▶ THE PROBLEM:
What you return should be the complete data below, word for word, with no pictures in it.

▶ DATA TO EXAMINE:
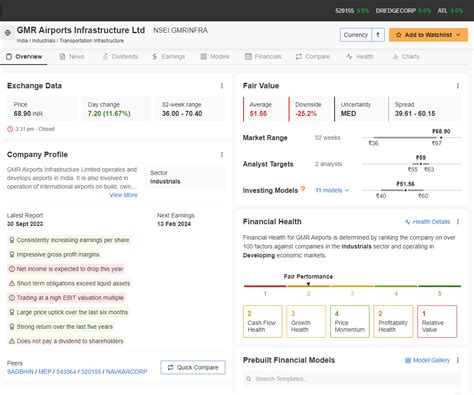 GMR Infra shares surged today. Is there more upside left? | Investing ...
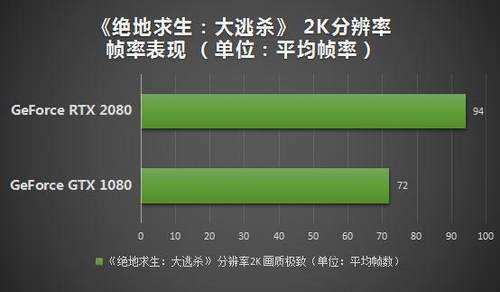 άϡ RTX 2080սѩ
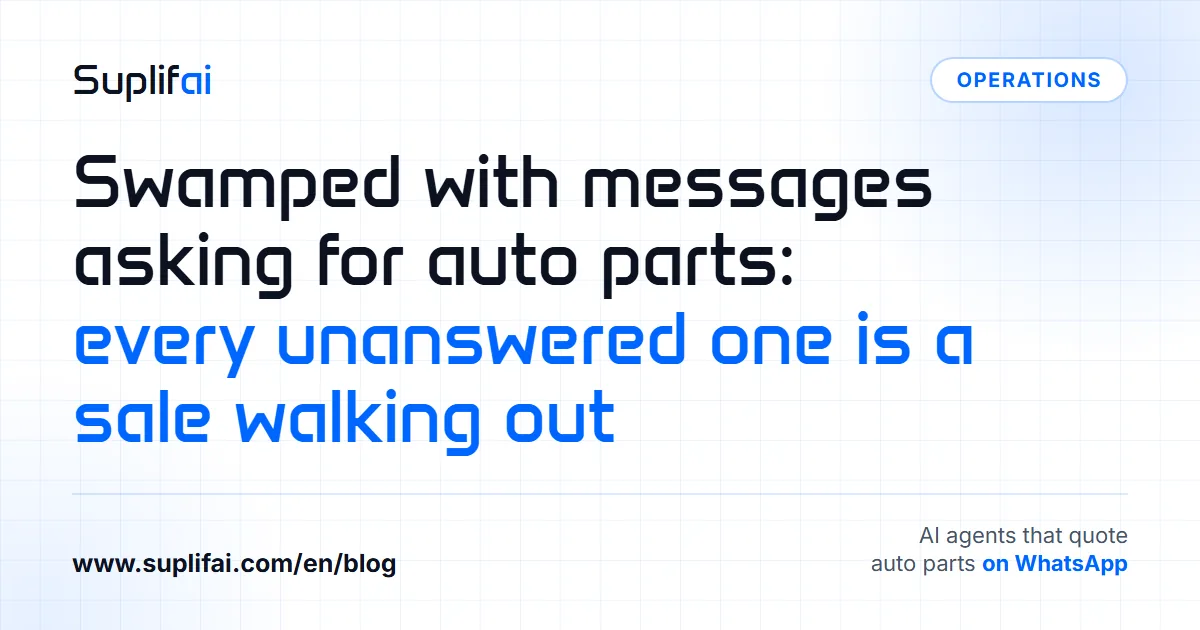 Swamped with messages asking for auto parts: every unanswered one is a sale walking out | Suplifai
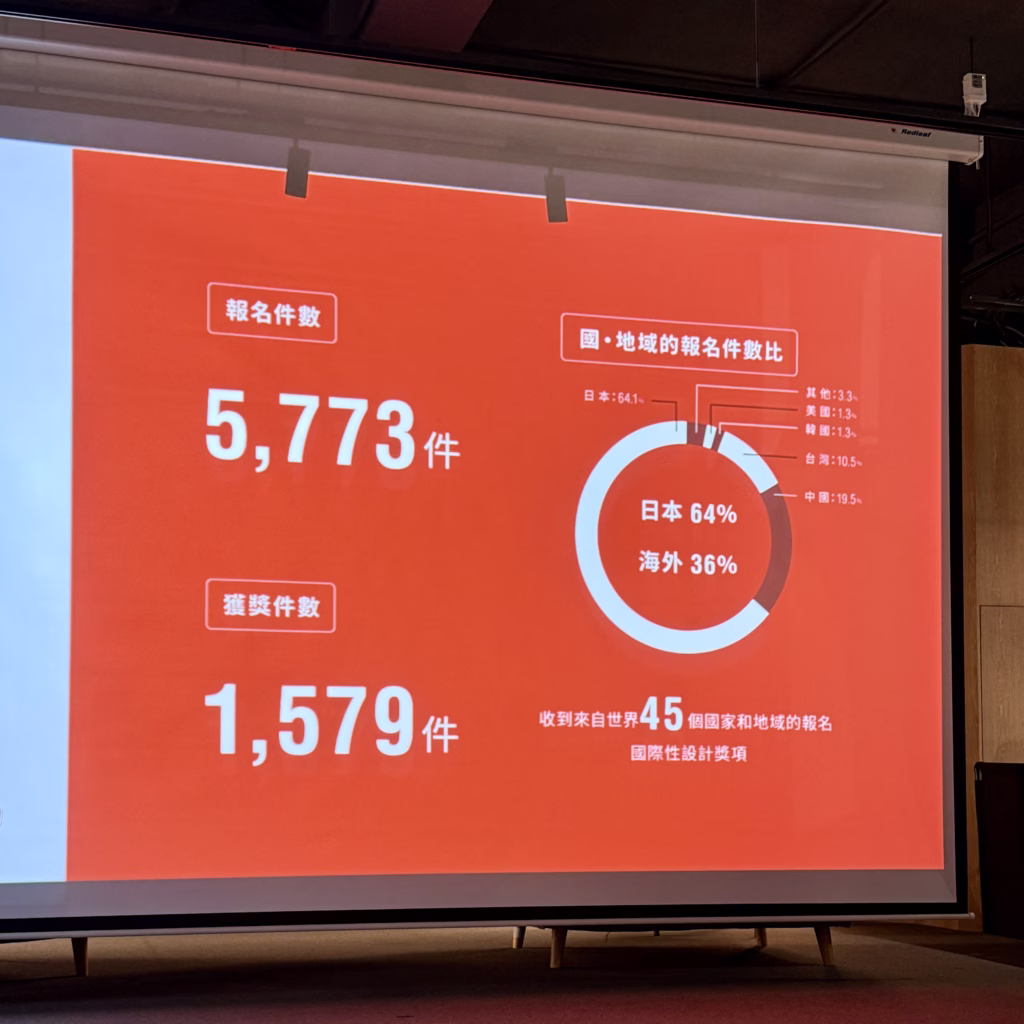 Good Design Award 海外與日本地區報名件數統計圖，顯示 2024 報名總數與得獎比例資訊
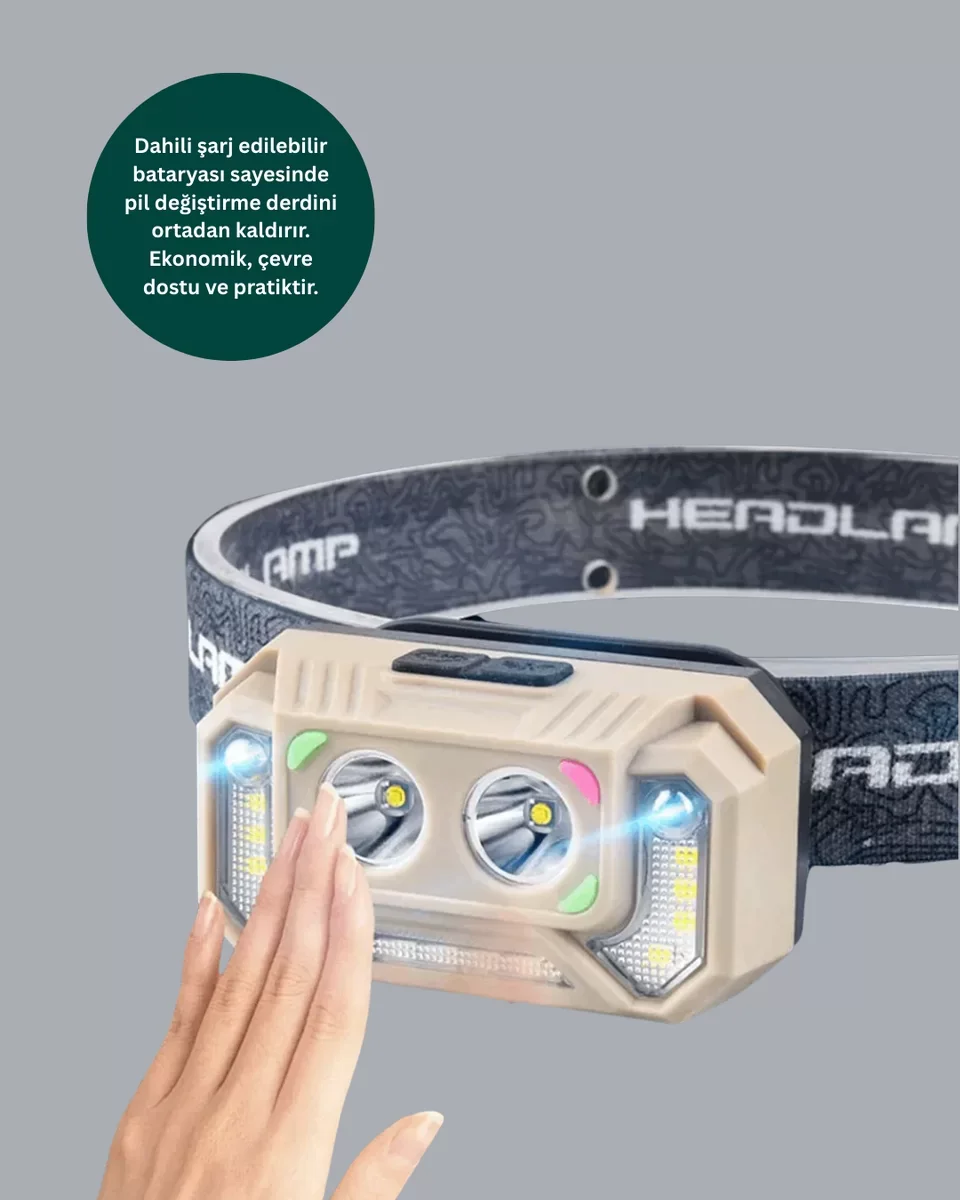 Yeni Nesil Şarjlı Wave Sensörlü LED Kafa Feneri - Outdoor Kullanım İçin Güvenli ve Konforlu Aydınlatma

▶ OUTPUT BELOW:
 GMR Infra shares surged today. Is there more upside left? | Investing ...
 άϡ RTX 2080սѩ
 Swamped with messages asking for auto parts: every unanswered one is a sale walking out | Suplifai
 Good Design Award 海外與日本地區報名件數統計圖，顯示 2024 報名總數與得獎比例資訊
 Yeni Nesil Şarjlı Wave Sensörlü LED Kafa Feneri - Outdoor Kullanım İçin Güvenli ve Konforlu Aydınlatma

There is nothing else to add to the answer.